General Overview

Protease-mediated degradation is widely used in synthetic biology to have a more controllable circuit and optimise the design. For our team, in order to solve the colour mixing issue and shorten the time for giving the result in our test kits, we have utilised protease-mediated degradation with SspB degron which acts as an adaptor tethering ssrA-tagged substrates to the ClpXP protease [1]. Different ssrA tags are divided into different categories and have different effects on the degradation rate of the targeted protein.


Figure 1: Circuit design for cycle 1

Background

According to the paper [2], ssrA tags can be divided into 3 Categories
  • 1. Unstable (in the absence of SspB)
    • a. The targeted substrate is being degraded rapidly
  • 2. Stable (in both the presence and absence of SspB)
    • a. The targeted substrate is not being degraded in both situation
  • 3. SspB- dependent
    • a. The targeted substrate is not degraded when there is absence of SspB but degraded when there is SspB. In the paper, the targeted substrate, GFP-ssrA, was degraded completely within an hour.

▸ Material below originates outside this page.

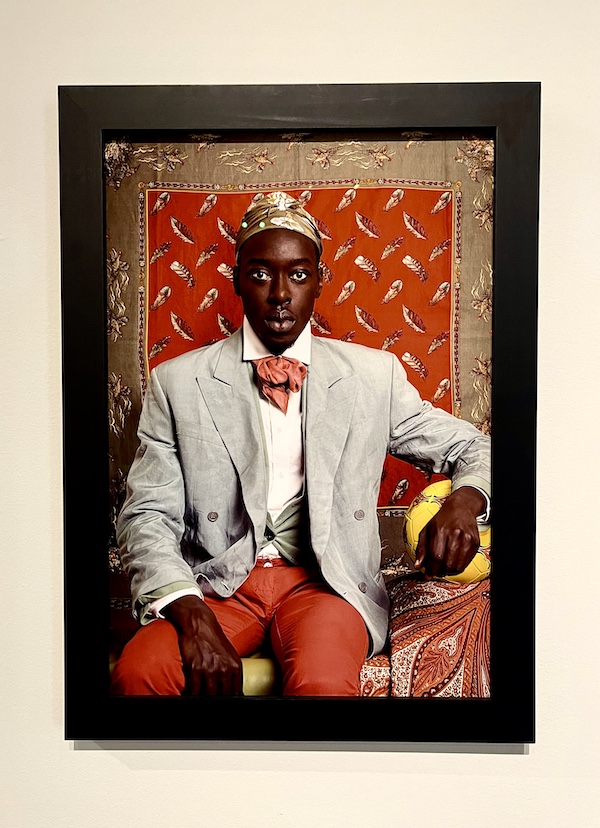 Portrait of a black man with gray jacket and red pants at the New Orleans Museum of Art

As we are aiming to prove more conditional degradation, we are interested in the third group (SspB-dependent tag), we collected the data provided from the paper and did the analysis on the sequences and their structure.

Methadology

Bioinformatics

      To analyze the sequences of ssrA tags, we started with bioinformatics approach to analyse sspB-dependent category by using Position-Specific Scoring Matrix (PSSM), which involves building a matrix that assigns a score to each amino acid at each position in a protein sequence for finding out conserved patterns or motifs associated with functional elements.


Figure 2: Heatmap of PSSM

      After the conversion of the matrix to probability matrix, by assuming equal frequency of each amino acid be presented at a given position, the log-odds scores, a score calculated as the logarithm of the likelihood of an event relative to its likelihood under a null model, by comparing the observed and expected frequencies of amino acids[3], is calculated. Then we got the result from below:


Figure 3: Top 10 sequences with highest scores

      We can see that the approach of using PSSM might not be a suitable method for us. The reason for predicting the already characterised unstable tag (-ADAS) might be due to the lack of data, which causes some frequency for an amino acid in a specific site to be 0. In order to build a library while limited by the data we have, we are planning to do a directed evolution on the ssrA tag for expanding our dataset first. Then we will try with machine learning methods such as using Bayes formula to do the prediction of the sspB-dependent tags.
      However, due to limited time we are not able to do direct evolution during the iGEM period. Rather than just testing out tags randomly in wet lab experiments, we still follow the result predicted above by neglecting the first tag (-ADAS).

3D Modeling

      The underlying mechanism of ssRA degradation tag-mediated degradation depends mainly on three components, namely, ClpXP ATP-dependent protease, SspB degron and the degradation tag attached to the target protein.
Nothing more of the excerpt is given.